[dpdk-dev] [PATCH 2/5] ethdev: add port ownership

Neil Horman nhorman at tuxdriver.com
Fri Dec 29 17:56:53 CET 2017


On Sat, Dec 23, 2017 at 10:36:34PM +0000, Matan Azrad wrote:
> Hi 
> > -----Original Message-----
> > From: Neil Horman [mailto:nhorman at tuxdriver.com]
> > Sent: Friday, December 22, 2017 4:27 PM
> > To: Matan Azrad <matan at mellanox.com>
> > Cc: Thomas Monjalon <thomas at monjalon.net>; dev at dpdk.org; Bruce
> > Richardson <bruce.richardson at intel.com>; Ananyev, Konstantin
> > <konstantin.ananyev at intel.com>; Gaëtan Rivet <gaetan.rivet at 6wind.com>;
> > Wu, Jingjing <jingjing.wu at intel.com>
> > Subject: Re: [dpdk-dev] [PATCH 2/5] ethdev: add port ownership
> > 
> > On Thu, Dec 21, 2017 at 09:57:43PM +0000, Matan Azrad wrote:
> > > > -----Original Message-----
> > > > From: Neil Horman [mailto:nhorman at tuxdriver.com]

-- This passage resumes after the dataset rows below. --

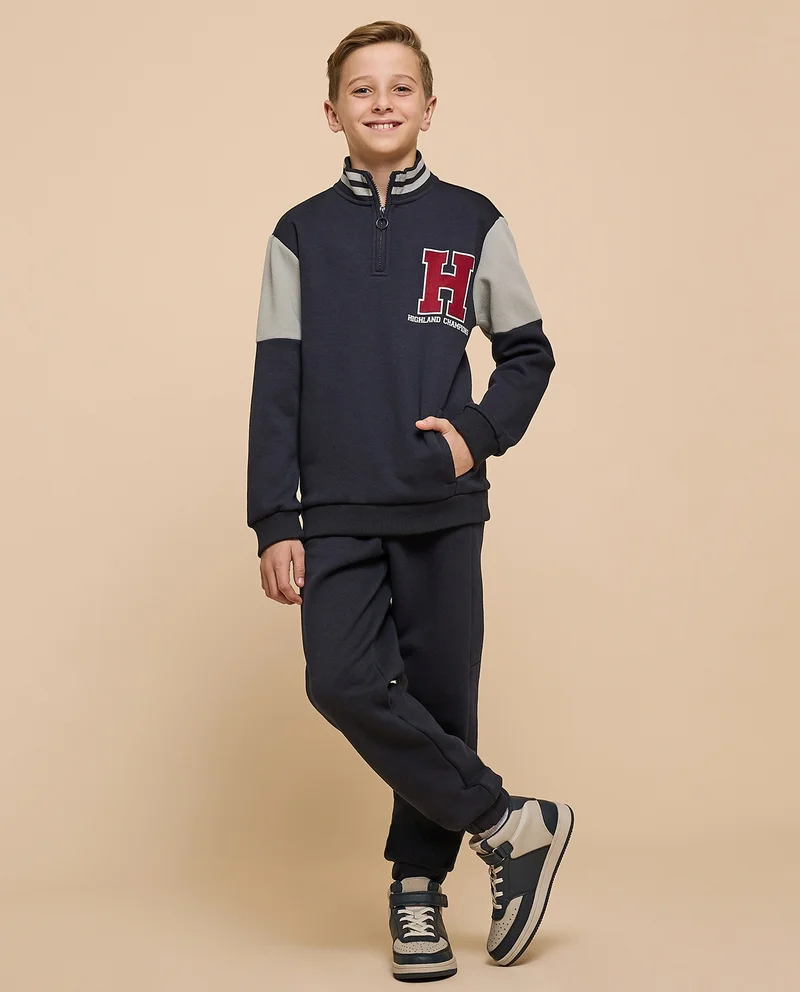 R&B Printed Clothing Set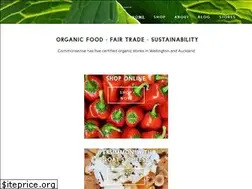 Sites similar to commonsenseorganics.co.nz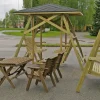 Grön penkki ulkokäyttöön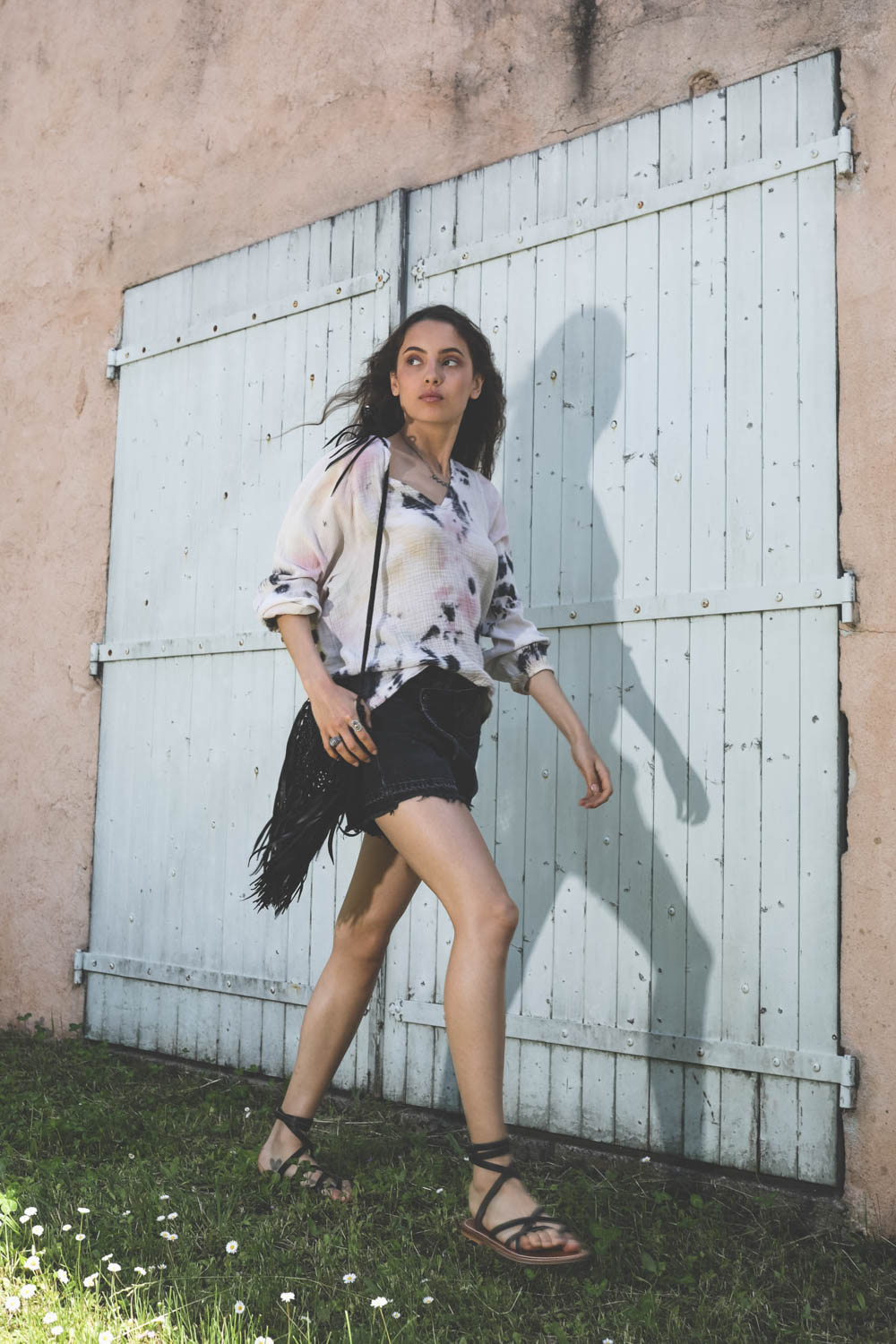 Sandales K.Jacques Zenobie - Pul Noir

> > > > Sent: Thursday, December 21, 2017 10:14 PM
> > > > To: Matan Azrad <matan at mellanox.com>
> > > > Cc: Thomas Monjalon <thomas at monjalon.net>; dev at dpdk.org; Bruce
> > > > Richardson <bruce.richardson at intel.com>; Ananyev, Konstantin
> > > > <konstantin.ananyev at intel.com>; Gaëtan Rivet
> > > > <gaetan.rivet at 6wind.com>; Wu, Jingjing <jingjing.wu at intel.com>
> > > > Subject: Re: [dpdk-dev] [PATCH 2/5] ethdev: add port ownership
> > > >
> > > > On Thu, Dec 21, 2017 at 07:37:06PM +0000, Matan Azrad wrote:
> > > > > Hi
> > > > >
> > > <snip>
> > > > > > > > > I think we need to clearly describe what is the
> > > > > > > > > tread-safety policy in DPDK (especially in ethdev as a first
> > example).
> > > > > > > > > Let's start with obvious things:
> > > > > > > > >
> > > > > > > > > 	1/ A queue is not protected for races with multiple Rx or Tx
> > > > > > > > > 			- no planned change because of performance
> > > > > > purpose
> > > > > > > > > 	2/ The list of devices is racy
> > > > > > > > > 			- to be fixed with atomics
> > > > > > > > > 	3/ The configuration of different devices is thread-safe
> > > > > > > > > 			- the configurations are different per-device
> > > > > > > > > 	4/ The configuration of a given device is racy
> > > > > > > > > 			- can be managed by the owner of the device
> > > > > > > > > 	5/ The device ownership is racy
> > > > > > > > > 			- to be fixed with atomics
> > > > > > > > >
> > > > > > > > > What am I missing?
> > > > > > > > >
> > > > >
> > > > > Thank you Thomas for this order.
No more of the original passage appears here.